Add some code to the server job and autotest classes to save off a
list of directories that need to be copied in order to retrieve
client log results. It uses file locking to sequence updates to this
file since multi-machine jobs will be sharing the same log file.
This is the first step in adding a way of doing post-abort (or any
post-SIGTERM) log retrieval.

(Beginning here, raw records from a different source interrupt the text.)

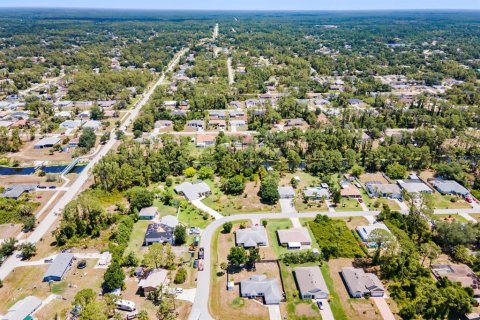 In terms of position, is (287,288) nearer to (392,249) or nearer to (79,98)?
(392,249)

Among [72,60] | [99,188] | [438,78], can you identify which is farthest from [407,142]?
[72,60]

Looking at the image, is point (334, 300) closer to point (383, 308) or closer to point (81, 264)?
point (383, 308)

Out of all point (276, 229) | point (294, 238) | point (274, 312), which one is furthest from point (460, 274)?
point (276, 229)

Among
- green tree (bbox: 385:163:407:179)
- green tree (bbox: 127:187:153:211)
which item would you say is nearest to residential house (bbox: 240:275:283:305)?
green tree (bbox: 127:187:153:211)

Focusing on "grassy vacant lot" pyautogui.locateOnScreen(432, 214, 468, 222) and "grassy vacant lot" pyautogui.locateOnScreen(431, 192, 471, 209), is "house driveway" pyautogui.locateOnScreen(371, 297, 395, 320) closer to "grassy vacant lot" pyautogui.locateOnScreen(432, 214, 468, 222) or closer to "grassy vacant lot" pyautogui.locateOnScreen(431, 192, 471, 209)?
"grassy vacant lot" pyautogui.locateOnScreen(432, 214, 468, 222)

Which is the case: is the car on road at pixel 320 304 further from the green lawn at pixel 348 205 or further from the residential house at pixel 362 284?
the green lawn at pixel 348 205

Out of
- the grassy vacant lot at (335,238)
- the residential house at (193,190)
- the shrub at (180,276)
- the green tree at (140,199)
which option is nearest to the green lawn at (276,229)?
the grassy vacant lot at (335,238) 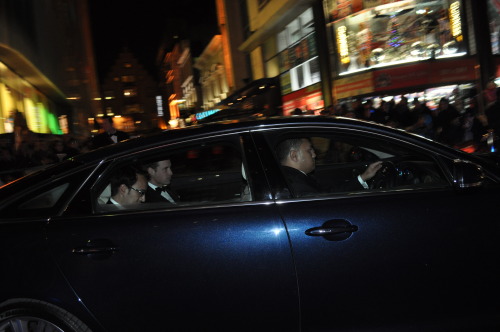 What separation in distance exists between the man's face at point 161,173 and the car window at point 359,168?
2.49ft

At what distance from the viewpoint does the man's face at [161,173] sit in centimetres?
354

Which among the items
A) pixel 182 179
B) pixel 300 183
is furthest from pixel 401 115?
pixel 300 183

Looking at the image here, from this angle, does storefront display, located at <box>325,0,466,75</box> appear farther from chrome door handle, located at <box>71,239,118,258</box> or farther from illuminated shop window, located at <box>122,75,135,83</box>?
illuminated shop window, located at <box>122,75,135,83</box>

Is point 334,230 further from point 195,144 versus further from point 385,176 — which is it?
point 385,176

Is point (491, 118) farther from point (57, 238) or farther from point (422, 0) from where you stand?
point (422, 0)

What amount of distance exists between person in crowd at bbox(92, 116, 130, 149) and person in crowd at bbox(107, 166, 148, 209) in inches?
243

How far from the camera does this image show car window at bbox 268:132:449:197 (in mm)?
3031

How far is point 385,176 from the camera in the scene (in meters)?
3.65

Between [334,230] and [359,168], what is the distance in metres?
1.71

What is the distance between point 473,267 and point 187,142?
1624 millimetres

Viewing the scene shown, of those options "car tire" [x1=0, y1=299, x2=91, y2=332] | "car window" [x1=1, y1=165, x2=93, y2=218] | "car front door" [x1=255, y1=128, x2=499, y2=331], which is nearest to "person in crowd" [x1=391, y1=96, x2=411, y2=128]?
"car front door" [x1=255, y1=128, x2=499, y2=331]

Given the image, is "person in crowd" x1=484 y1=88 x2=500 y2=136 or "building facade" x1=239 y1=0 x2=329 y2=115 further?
"building facade" x1=239 y1=0 x2=329 y2=115

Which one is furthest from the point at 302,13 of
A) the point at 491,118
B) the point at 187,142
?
the point at 187,142

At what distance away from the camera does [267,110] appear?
63.8ft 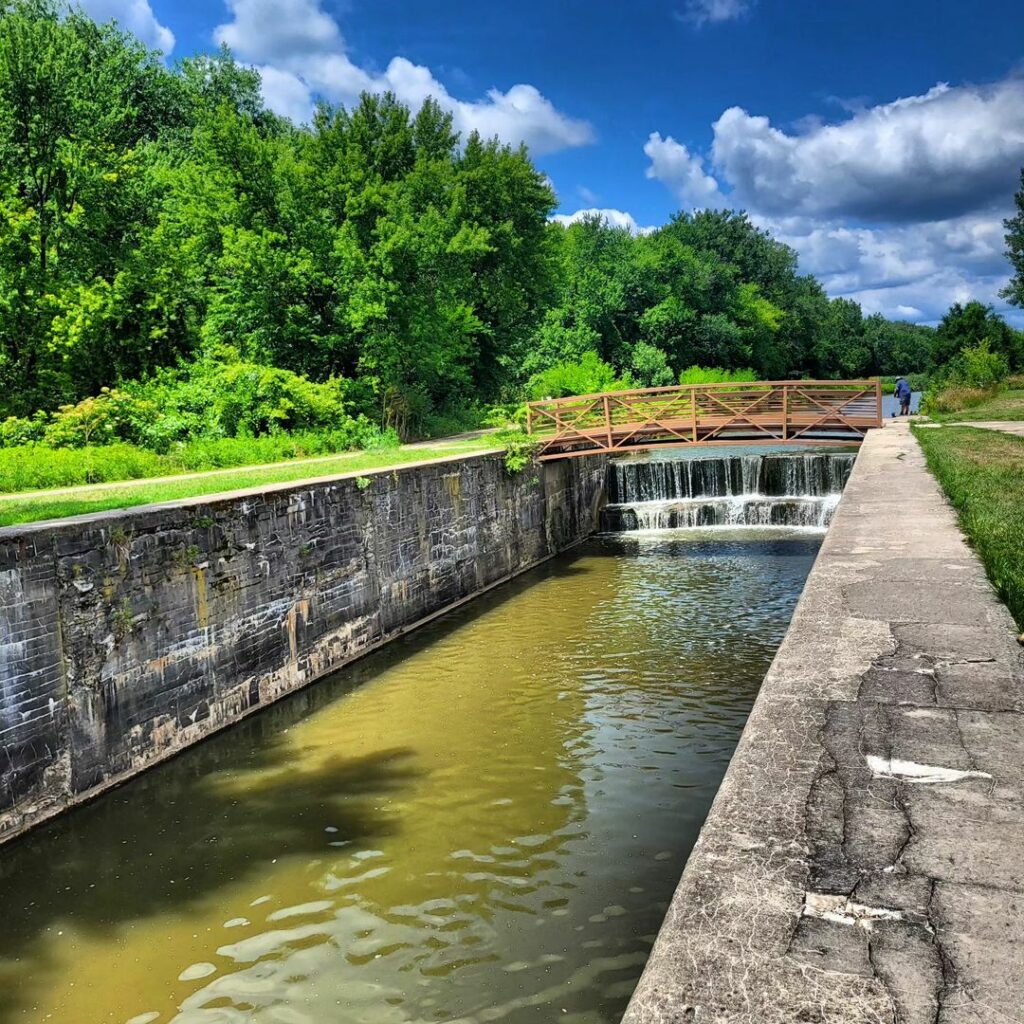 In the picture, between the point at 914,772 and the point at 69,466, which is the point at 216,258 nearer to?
the point at 69,466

The next step will be adding a way in
autoserv to run a standalone "recover this data" job that will use
the data recorded in this change, and the final step will be to add
support to the scheduler for running this "recover this data" service
when catastrophic failure occurs.
Risk: Medium
Visibility: Adds an "uncollected_logs" file in the server job results
directory containing a list of remote directories that need to be
copied to recover the results of a crashed job.

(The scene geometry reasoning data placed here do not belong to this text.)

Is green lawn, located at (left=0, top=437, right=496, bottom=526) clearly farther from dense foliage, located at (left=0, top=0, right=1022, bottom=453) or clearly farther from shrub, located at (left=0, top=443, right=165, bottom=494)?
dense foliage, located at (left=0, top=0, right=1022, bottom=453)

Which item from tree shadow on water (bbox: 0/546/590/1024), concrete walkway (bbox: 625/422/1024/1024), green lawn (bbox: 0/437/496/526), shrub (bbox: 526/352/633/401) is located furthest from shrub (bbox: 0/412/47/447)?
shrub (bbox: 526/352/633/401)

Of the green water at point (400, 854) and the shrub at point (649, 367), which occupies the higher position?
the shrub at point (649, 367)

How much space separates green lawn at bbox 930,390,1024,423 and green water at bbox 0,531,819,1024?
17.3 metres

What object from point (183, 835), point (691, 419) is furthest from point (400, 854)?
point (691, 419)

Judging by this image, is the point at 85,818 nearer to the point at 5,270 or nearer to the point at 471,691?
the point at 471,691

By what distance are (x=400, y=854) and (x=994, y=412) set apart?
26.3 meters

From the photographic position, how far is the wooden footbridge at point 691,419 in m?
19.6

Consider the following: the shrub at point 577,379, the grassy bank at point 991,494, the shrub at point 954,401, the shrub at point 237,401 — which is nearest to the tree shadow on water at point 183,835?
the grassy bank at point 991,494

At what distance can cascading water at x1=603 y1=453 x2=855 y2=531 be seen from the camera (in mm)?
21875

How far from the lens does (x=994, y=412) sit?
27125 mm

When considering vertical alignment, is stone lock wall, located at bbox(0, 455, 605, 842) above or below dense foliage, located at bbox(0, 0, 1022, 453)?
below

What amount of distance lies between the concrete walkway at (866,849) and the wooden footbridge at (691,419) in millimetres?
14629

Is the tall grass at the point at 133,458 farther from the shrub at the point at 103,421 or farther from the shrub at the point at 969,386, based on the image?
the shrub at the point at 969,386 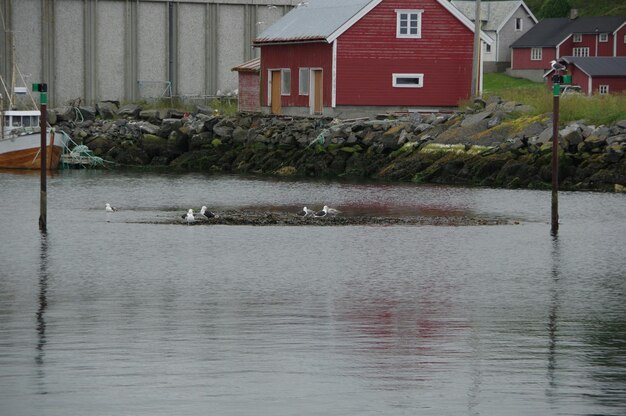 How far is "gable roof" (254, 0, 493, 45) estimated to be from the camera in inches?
2279

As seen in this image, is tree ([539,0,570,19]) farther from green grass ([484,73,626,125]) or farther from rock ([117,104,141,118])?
green grass ([484,73,626,125])

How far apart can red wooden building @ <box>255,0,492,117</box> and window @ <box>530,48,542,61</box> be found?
49.5 m

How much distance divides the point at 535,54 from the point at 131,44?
1787 inches

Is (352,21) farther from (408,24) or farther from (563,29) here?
(563,29)

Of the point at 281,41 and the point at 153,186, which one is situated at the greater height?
the point at 281,41

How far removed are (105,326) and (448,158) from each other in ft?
106

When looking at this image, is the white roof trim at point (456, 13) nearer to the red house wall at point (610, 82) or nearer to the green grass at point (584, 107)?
the green grass at point (584, 107)

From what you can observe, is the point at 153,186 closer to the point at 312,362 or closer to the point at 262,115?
the point at 262,115

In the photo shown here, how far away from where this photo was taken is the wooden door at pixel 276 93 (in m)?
63.0

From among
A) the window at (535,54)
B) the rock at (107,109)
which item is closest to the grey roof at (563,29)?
the window at (535,54)

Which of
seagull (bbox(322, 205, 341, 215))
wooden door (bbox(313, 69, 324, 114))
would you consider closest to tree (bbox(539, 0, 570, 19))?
wooden door (bbox(313, 69, 324, 114))

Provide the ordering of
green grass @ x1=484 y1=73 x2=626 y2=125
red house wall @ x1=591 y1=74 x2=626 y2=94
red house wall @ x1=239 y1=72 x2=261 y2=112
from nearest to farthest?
green grass @ x1=484 y1=73 x2=626 y2=125 → red house wall @ x1=239 y1=72 x2=261 y2=112 → red house wall @ x1=591 y1=74 x2=626 y2=94

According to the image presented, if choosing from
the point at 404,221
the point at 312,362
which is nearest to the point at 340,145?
the point at 404,221

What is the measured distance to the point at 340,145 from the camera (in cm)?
5500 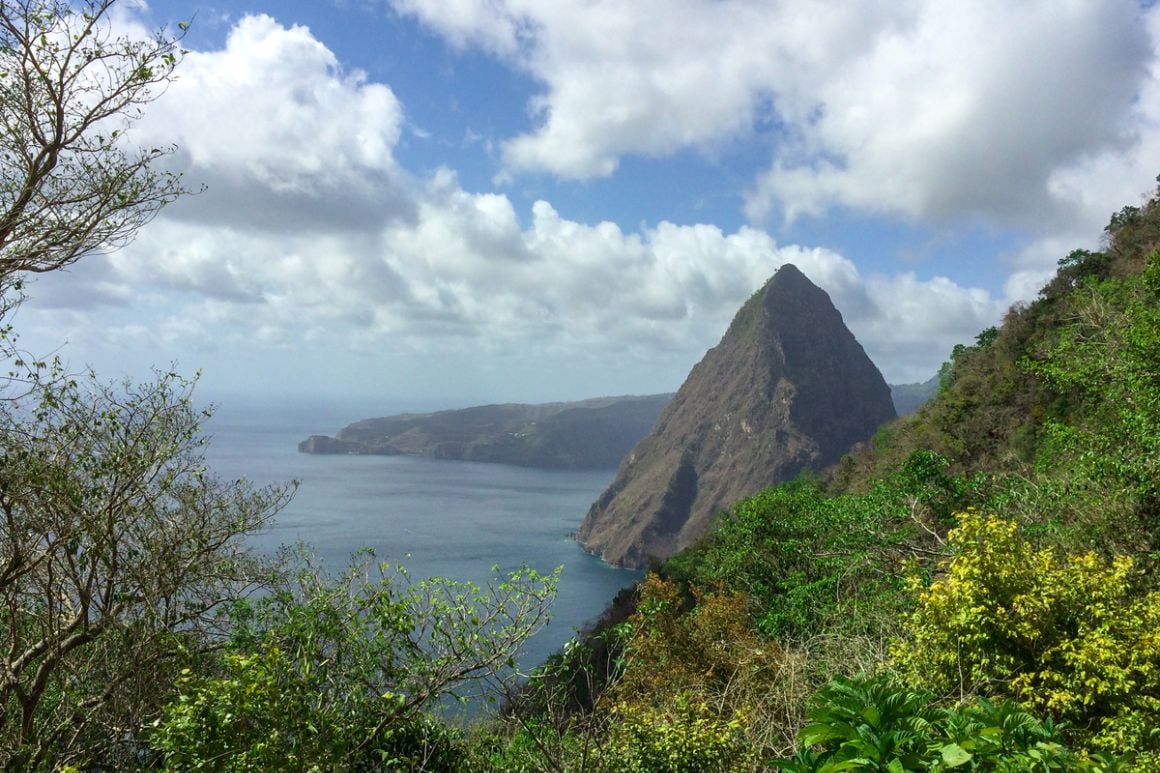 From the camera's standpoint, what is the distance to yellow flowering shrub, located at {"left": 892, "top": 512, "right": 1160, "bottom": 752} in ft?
16.9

Signed-off-by: John Admanski <jadmanski@google.com>
git-svn-id: http://test.kernel.org/svn/autotest/trunk@2913 592f7852-d20e-0410-864c-8624ca9c26a4
diff --git a/server/server_job.py b/server/server_job.py
index e0a0779..8b1757e 100755
--- a/server/server_job.py
+++ b/server/server_job.py
@@ -6,8 +6,8 @@
Copyright Martin J. Bligh, Andy Whitcroft 2007
"""
-import getpass, os, sys, re, stat, tempfile, time, select, subprocess, traceback
-import shutil, warnings
+import getpass, os, sys, re, stat, tempfile, time, select, subprocess
+import traceback, shutil, warnings, fcntl, pickle
from autotest_lib.client.bin import fd_stack, sysinfo
from autotest_lib.client.common_lib import error, log, utils, packages
from autotest_lib.server import test, subcommand, profilers
@@ -99,10 +99,14 @@
else:
self.control = ''
self.resultdir = resultdir
+ self.uncollected_log_file = os.path.join(resultdir, "uncollected_logs")
+ self.debugdir = os.path.join(resultdir, 'debug')
if resultdir:
if not os.path.exists(resultdir):
os.mkdir(resultdir)
- self.debugdir = os.path.join(resultdir, 'debug')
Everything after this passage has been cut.